SUPPLIED ENTRIES:
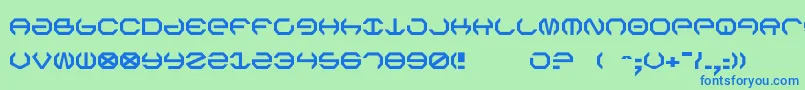 Шрифт Omega5 – синие шрифты на зелёном фоне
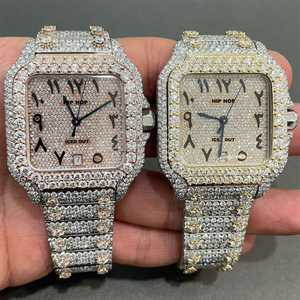 <span class=keywords><strong>Orologi</strong></span> Hip Hop con Movimento Automatico Completamente Tempestati di Diamanti Fatti a Mano con Moissanite - Product Image 2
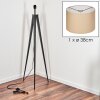 Soungou Stehleuchte 38 cm Schwarz, 1-flammig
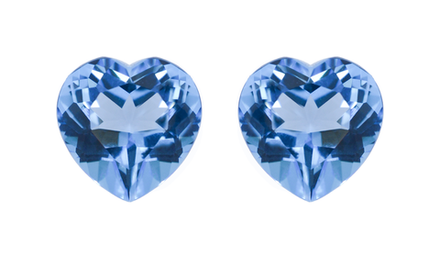 Топаз sky пара (сердце 1.37 ct)
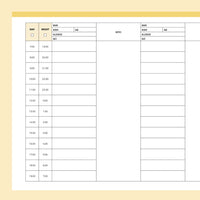 Printable Report Sheets For Nurses - Yellow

DIRECTIONS:
Repeat the records above verbatim. Include none of the pictures.

FINISHED TASK:
 Шрифт Omega5 – синие шрифты на зелёном фоне
 <span class=keywords><strong>Orologi</strong></span> Hip Hop con Movimento Automatico Completamente Tempestati di Diamanti Fatti a Mano con Moissanite - Product Image 2
 Soungou Stehleuchte 38 cm Schwarz, 1-flammig
 Топаз sky пара (сердце 1.37 ct)
 Printable Report Sheets For Nurses - Yellow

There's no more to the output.